IN THEORY, Boiling Point could have been a very cool game. Taking a cue from games like Far Cry and the Grand Theft Auto series, it offers a sprawling game world and combines shooter and RPG elements. You can control an array of vehicles, blast bad guys with everything from a crossbow to an antiaircraft mini-gun, talk and trade with a slew of characters, learn skills, and more. On top of that, you get a colorful third-world setting to explore -- all 240 square miles of it. Exciting stuff ... in theory. Sadly, we found Boiling Point to be more of an unfinished beta than a real game, and at times, almost literally unplayable -- it's usually more frustration than fun.

With Friends Like These…

In addition to a general lack of polish, we encountered numerous bugs and glitches while playing Boiling Point: crashes, audio dropouts, your character getting stuck, others characters walking through walls, dead characters coming back to life, controls not working, and more. Just as bad, the game is horribly optimized, with stuttering dialogue and graphics and many pauses as the game loads its supposedly seamless world.

In an effort to make the game playable, we had to crank the graphics settings down so far that it looked like we were playing a shooter from 1998. Even then, Boiling Point still often played like a jittery slide show. Even the manual looks rushed, with credits bearing placeholders like "FILL IN NAME." (Note: There have been several patches released since the game's launch, which we'll address later in this review.)


Despite its severe problems, Boiling Point is intriguing for its unusual setting and the freedom it gives you. You play as Saul Myers, an ex-Legionnaire whose journalist daughter is kidnapped in a fictional Latin American nation. You head down there to get answers -- and then bust heads when you don't get the answers. As you follow leads about your daughter, you'll meet all kinds of shady characters and get tangled up with drug lords, guerilla fighters, state officials, bandits, and civilians who just want to make a quick peso.

Boiling Point tracks your relationship with each faction as you cultivate allies and make enemies, but this can feel arbitrary. We drove by a couple armed guards in town, and suddenly the game says that we're enemies of the guerilla faction. What happened? We later walked up to a drug dealer in a jungle camp and suddenly we were allied with the local mafia. We befriended a drug lord, then killed everyone in his villa, but he didn't notice the gunfire and explosions right outside his office and still acted like an old pal.

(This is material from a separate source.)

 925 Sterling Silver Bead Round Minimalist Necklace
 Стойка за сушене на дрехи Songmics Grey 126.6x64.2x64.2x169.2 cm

The different factions will offer missions to you, helping you gain clues to your daughter's whereabouts or just to earn some quick cash for new guns or a better car than the sad jalopy you start with. The neat thing is that the morality and consequences of these missions vary, letting you decide what kind of (anti)hero you want to be and how many people you're willing to cross. You can take a job from the local drug-running mafia, for example, but that will pit you against the country's heavily armed soldiers when you try to steal documents from a base or kill a colonel.

Boiling Point boasts a clean array of info tabs that let you easily choose which mission to pursue at the moment, track inventory items, heal yourself with syringes or food, and re-read dialogue. For each mission or target locale you select, your on-screen compass will point the way and the distance, though your map isn't very useful.